Well, it's been over two decades since then, and we're more or less grown up now. It's doubtful that we'll look at Star Wars: The Phantom Menace with quite the same affection that we view the original trilogy, plot holes and cardboard characterizations and visible matte lines and all, no matter how good the new installment is. We'll be seeing the movie through the eyes of adults, and that makes all the difference.
That's why I think that, no matter how good The Phantom Menace is, in some way it isn't going to live up to expectations. Having seen the trailers, it's pretty clear to me that this movie's gonna have everything that made the original trilogy great: fast-paced action, dazzling special effects, a archetypal take on good and evil, and a sense of epic sweep that has always made the Star Wars universe bigger and brighter than our own. The difference lies not in the movie, but in ourselves, our older, more practical, more cynical selves.
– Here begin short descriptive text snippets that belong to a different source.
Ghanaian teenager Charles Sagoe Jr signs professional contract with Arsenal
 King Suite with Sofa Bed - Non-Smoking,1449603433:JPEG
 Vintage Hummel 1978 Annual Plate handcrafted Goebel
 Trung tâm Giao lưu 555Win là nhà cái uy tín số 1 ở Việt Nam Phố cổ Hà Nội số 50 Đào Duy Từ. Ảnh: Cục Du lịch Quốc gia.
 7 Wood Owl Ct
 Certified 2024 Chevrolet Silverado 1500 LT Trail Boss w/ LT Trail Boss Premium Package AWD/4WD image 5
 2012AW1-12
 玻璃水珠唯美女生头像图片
What's the answer, then? Not to see it at all? No way--we've waited years for this event, and I doubt that any of us could stay away if we tried. Whether we expect to be as charmed as we were when we were three or six or ten or whatever, or if we acknowledge that we are, for better or for worse, (mostly) adults, we'll be waiting in line to see the most anticipated movie in history.
But speaking as someone who criticizes for a living, I suggest that we don't go in as critics. Star Wars isn't just for kids: it's for the kid in each of us, the one that watches the original trilogy over and over, the one that slammed George Lucas for having Greedo shoot first in the A New Hope Special Edition, the one that (perhaps somewhat shamefacedly) admits to dressing up as a character every Halloween or to still owning all the original action figure toys--and taking them out periodically to play with. Just for awhile, let's all be kids again, and ignore the imperfections that we never noticed as children, so caught up in the magic of the thing were we. (Another characteristic of long-time fans is that we occasionally wax poetic Yoda-style.)
Everyone's a critic, but for awhile, let's not be. We're all gonna see this movie a million times anyway; save the nitpicking for the dozenth viewing, and enjoy the first eleven, just for the fun of it.